STORED DATA>
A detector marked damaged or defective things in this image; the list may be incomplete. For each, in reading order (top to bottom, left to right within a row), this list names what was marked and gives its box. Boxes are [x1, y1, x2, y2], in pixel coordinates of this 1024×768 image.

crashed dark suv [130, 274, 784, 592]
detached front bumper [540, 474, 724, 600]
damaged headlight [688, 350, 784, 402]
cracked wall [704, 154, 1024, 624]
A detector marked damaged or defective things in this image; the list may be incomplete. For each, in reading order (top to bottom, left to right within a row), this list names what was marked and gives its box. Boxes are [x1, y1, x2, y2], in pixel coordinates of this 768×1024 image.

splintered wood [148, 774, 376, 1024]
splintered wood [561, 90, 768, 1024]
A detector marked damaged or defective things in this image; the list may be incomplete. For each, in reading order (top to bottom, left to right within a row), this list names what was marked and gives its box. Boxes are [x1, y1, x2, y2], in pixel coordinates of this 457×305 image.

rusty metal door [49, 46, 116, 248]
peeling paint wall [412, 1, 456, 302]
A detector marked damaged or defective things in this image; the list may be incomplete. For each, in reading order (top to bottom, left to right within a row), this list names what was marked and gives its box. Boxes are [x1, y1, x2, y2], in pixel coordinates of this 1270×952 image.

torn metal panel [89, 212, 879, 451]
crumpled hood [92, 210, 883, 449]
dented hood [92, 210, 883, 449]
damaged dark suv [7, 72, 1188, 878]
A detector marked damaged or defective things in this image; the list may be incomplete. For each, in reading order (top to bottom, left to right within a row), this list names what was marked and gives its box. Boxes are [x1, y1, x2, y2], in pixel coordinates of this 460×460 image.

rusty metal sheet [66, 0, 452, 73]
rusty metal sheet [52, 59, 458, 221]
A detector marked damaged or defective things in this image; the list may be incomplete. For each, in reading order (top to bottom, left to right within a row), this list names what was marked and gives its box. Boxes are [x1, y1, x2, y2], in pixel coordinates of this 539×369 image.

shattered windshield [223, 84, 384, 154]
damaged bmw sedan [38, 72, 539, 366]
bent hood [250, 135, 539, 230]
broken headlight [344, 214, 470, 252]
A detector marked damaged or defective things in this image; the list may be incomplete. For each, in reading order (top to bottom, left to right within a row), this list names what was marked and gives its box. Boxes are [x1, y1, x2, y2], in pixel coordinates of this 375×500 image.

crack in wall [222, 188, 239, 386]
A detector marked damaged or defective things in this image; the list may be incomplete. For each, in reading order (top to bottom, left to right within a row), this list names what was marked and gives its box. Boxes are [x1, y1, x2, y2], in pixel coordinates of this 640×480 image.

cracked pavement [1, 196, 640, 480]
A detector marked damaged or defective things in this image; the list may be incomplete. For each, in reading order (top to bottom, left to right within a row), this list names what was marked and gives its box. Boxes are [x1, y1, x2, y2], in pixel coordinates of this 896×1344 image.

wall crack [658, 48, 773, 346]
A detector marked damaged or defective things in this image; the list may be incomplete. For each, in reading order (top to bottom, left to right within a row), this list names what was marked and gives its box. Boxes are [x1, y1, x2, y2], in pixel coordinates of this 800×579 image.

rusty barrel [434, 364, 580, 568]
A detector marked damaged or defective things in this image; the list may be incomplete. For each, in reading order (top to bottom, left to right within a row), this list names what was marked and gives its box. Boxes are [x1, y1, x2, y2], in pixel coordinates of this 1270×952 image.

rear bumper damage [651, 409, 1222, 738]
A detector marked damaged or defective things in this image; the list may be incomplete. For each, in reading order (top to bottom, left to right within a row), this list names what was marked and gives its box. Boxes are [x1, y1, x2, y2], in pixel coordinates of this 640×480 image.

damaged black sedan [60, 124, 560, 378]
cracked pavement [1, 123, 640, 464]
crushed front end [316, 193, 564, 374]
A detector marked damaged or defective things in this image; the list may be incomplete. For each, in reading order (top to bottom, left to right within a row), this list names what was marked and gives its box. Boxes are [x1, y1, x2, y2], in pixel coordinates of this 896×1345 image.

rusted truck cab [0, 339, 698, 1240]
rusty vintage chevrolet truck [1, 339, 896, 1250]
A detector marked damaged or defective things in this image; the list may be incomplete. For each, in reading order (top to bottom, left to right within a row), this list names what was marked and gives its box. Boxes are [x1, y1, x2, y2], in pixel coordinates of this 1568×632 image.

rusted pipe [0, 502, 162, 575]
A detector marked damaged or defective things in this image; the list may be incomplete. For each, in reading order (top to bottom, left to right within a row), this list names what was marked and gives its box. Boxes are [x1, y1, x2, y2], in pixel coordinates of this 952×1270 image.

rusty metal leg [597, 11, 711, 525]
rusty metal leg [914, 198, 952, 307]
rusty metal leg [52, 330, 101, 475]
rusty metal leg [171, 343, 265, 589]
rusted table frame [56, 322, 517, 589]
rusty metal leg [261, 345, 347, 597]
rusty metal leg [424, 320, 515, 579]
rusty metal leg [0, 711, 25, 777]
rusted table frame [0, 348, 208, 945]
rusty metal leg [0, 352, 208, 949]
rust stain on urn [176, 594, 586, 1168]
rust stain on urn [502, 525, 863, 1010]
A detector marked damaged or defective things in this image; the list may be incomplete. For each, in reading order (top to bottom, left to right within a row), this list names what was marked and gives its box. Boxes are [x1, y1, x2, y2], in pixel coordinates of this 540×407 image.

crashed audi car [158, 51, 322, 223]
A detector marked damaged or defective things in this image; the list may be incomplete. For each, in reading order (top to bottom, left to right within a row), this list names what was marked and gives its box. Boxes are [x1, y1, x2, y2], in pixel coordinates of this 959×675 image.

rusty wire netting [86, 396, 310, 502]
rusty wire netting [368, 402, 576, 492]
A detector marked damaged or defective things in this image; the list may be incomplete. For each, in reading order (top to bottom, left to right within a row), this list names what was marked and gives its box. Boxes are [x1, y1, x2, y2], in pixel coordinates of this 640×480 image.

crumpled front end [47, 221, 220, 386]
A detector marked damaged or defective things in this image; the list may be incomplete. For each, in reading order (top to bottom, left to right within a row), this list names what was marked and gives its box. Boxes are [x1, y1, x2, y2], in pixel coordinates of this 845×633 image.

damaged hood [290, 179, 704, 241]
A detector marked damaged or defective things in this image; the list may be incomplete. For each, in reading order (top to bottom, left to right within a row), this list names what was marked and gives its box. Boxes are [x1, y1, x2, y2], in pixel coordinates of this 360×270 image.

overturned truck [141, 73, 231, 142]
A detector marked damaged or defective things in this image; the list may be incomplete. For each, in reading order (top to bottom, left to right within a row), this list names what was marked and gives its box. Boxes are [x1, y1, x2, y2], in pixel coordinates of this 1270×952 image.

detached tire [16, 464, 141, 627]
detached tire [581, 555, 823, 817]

WHAT YOU WILL DO> For the lines from the one containing "this 959×675 image." through the end of the listing above, output each exactly and leave out the rest.

RESPONSE AREA>
A detector marked damaged or defective things in this image; the list may be incomplete. For each, in reading order (top to bottom, left to right within a row), this list names what was marked and gives its box. Boxes are [x1, y1, x2, y2], in pixel coordinates of this 959×675 image.

rusty wire netting [86, 396, 310, 502]
rusty wire netting [368, 402, 576, 492]
A detector marked damaged or defective things in this image; the list may be incomplete. For each, in reading order (top to bottom, left to right within a row), this list names what was marked and gives its box. Boxes are [x1, y1, x2, y2], in pixel coordinates of this 640×480 image.

crumpled front end [47, 221, 220, 386]
A detector marked damaged or defective things in this image; the list may be incomplete. For each, in reading order (top to bottom, left to right within a row), this list names what was marked and gives its box. Boxes are [x1, y1, x2, y2], in pixel coordinates of this 845×633 image.

damaged hood [290, 179, 704, 241]
A detector marked damaged or defective things in this image; the list may be incomplete. For each, in reading order (top to bottom, left to right within a row), this list names what was marked and gives its box. Boxes are [x1, y1, x2, y2], in pixel coordinates of this 360×270 image.

overturned truck [141, 73, 231, 142]
A detector marked damaged or defective things in this image; the list may be incomplete. For each, in reading order (top to bottom, left to right within a row), this list names what was marked and gives its box. Boxes are [x1, y1, x2, y2], in pixel coordinates of this 1270×952 image.

detached tire [16, 464, 141, 627]
detached tire [581, 555, 823, 817]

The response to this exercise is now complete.